In another holiday-shortened trading week for some parts of Asia, investors will likely remain on their toes with a barrage of economic indicators due from the region's top four economies.
Hong Kong and Taiwan celebrate the Mid-Autumn Festival with public holidays on Monday, while markets in South Korea reopen on Wednesday after a five-day weekend for the Chuseok holiday. Meanwhile, China and Hong Kong will be closed on Thursday and Friday for the Golden Week holiday.
Attention will likely fall squarely on the readings of China's mammoth manufacturing sector, set to be announced on Thursday, after a preliminary figure published last Wednesday painted a worrying picture of the economy. The preliminary Caixin China manufacturing purchasing managers' index touched a six-and-half-year low of 47.0 in September.
The official manufacturing purchasing managers' index (PMI) will be unveiled at 9am local time, while the final Caixin/Markit PMI is due 45 minutes later.
"This continued slowdown in China is very much a combination of the downturn in real estate and export weakness. This is [an] extremely subdued period for all the industrial firms in China and to be honest, the [sector] isn't going to see a sharp pick-up soon," Louis Kuijs, head of Asia economics at Oxford Economics, said.
Meanwhile, investors in Hong Kong may be on edge as Monday marks the first anniversary of the 79-day Occupy Central protests that put the bustling city on a halt last year. According to local media reports, there are plans for a silent rally outside the special administrative region's (SAR) government headquarters in Admiralty.
"It is too early to tell [because] it depends on the scale of protests. If they are going to be short term then there won't be a lasting impact on stock markets," IG market strategist Bernard Aw told CNBC by phone on Friday.
A flurry of data due out of the world's third-largest economy this week will likely be a mixed bag, analysts at Moody's Analytics wrote in a note issued on Friday.
Industrial production and retail sales for August are slated for Wednesday, while household spending and unemployment figures will be announced on the final trading day of the week.
"Industrial production and manufacturing sentiment are struggling [amid] a challenging external environment. As the temporary lift from bonus payments in June and July dissipate, retail sales growth likely softened in August, and strong household expenditure is driven mostly by a low base. The labor market seems to have stagnated, and underlying problems with youth unemployment are an issue," the note said.
Traders will also be keeping an eye on the Bank of Japan's quarterly tankan survey of business sentiment, which is due before the market opens on Thursday.

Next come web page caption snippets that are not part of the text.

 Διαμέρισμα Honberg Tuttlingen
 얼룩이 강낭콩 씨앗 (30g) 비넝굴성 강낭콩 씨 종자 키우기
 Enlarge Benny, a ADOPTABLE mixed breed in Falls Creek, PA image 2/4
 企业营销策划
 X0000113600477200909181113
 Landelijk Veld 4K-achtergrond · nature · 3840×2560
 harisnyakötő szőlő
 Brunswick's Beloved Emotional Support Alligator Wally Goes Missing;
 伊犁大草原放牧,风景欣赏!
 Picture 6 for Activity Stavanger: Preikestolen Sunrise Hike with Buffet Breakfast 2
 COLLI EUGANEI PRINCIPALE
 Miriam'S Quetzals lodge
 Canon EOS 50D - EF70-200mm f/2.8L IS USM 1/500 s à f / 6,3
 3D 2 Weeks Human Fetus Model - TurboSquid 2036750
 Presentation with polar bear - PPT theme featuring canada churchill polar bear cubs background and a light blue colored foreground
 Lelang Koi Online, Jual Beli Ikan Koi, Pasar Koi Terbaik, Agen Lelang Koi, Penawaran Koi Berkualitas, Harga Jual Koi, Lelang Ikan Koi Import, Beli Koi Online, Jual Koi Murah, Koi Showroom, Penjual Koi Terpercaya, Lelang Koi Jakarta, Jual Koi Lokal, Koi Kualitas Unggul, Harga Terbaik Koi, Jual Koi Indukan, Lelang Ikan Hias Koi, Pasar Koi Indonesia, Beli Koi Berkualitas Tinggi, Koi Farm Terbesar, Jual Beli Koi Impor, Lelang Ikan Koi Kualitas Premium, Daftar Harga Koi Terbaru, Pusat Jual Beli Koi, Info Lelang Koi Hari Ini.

"The widely watched tankan survey is expected to show that sentiment among Japan's large manufacturers softened in the third quarter. Financial market volatility, yen appreciation and continued challenges in external demand likely hit manufacturing sentiment," said Moody's, who sees the headline index shedding 2 points to 13 in the September quarter.
In the previous quarter, the key large manufacturers' index came in at 15 – its highest level since March 2014.
Policymakers in Asia's third-largest economy will meet on Tuesday, with calls for an interest-rate cut increasing amid cooling inflation.
Retail inflation, which the central bank tracks, eased to 3.66 percent in August from 3.69 percent a month ago. The reading is far below the Reserve Bank of India's (RBI) 6 percent target for January 2016. The wholesale price index (WPI) for August extended its deflationary trend into the tenth straight month, hitting a historic low of 4.95 percent.
"While August CPI slowed fractionally from the previous month, July's numbers were very low. Besides, there are still many signs of slack in the economy and if we [consider] the extremely weak reading for WPI, I really do think that we'll see another 25-basis-point rate cut at this month's meeting," Capital Economics' India economist Shilan Shah told CNBC on September 16.
Read MoreIndia FinMin: I want an RBI rate cut
South Korea's exports, due on Thursday, will likely remain dire due to lackluster demand, particularly from China, according to a Reuters poll.
The survey of 17 analysts expect exports to decline 10 percent in September from a year ago, compared to a 14.9 percent tumble in the preceding month that marked the worst year-on-year fall in six years. Imports are forecast to plunge 18.1 percent on-year in September, slightly below August's 18.3 percent fall, the poll by the newswire found.
Thursday also brings August industrial output, which likely decreased 1.1 percent on-month in August due to fewer working days and poor export performance for the month, economists told Reuters.
Lastly, September inflation, due at 8am local time on Friday, is estimated to have risen 0.9 percent from a 0.7 percent increase in August.